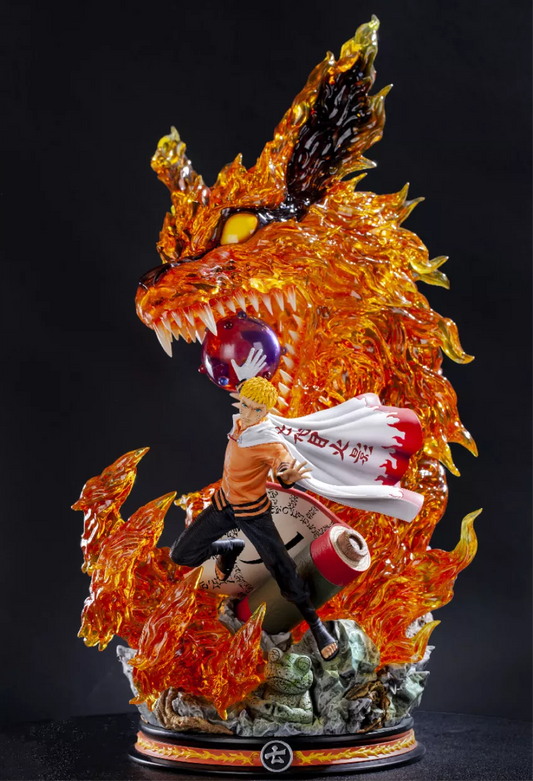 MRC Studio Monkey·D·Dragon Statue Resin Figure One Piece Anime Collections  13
○ ○ ○
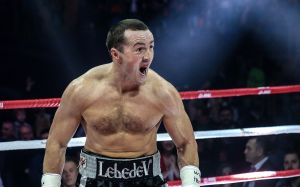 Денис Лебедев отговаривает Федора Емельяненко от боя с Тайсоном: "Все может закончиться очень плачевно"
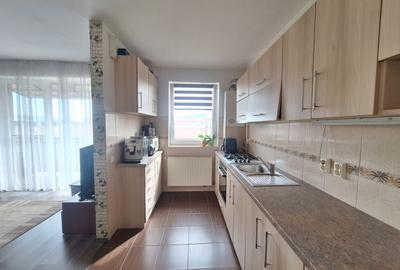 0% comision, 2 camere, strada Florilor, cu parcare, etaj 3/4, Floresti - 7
○ ○ ○
WORK INSTRUCTION:
The data above holds the lines to copy: start at the one with "Денис Лебедев отговаривает", stop at the one with "0% comision, 2", include both, copy them exactly without pictures, and copy nothing else.

PROBLEM SOLUTION:
 Денис Лебедев отговаривает Федора Емельяненко от боя с Тайсоном: "Все может закончиться очень плачевно"
 0% comision, 2 camere, strada Florilor, cu parcare, etaj 3/4, Floresti - 7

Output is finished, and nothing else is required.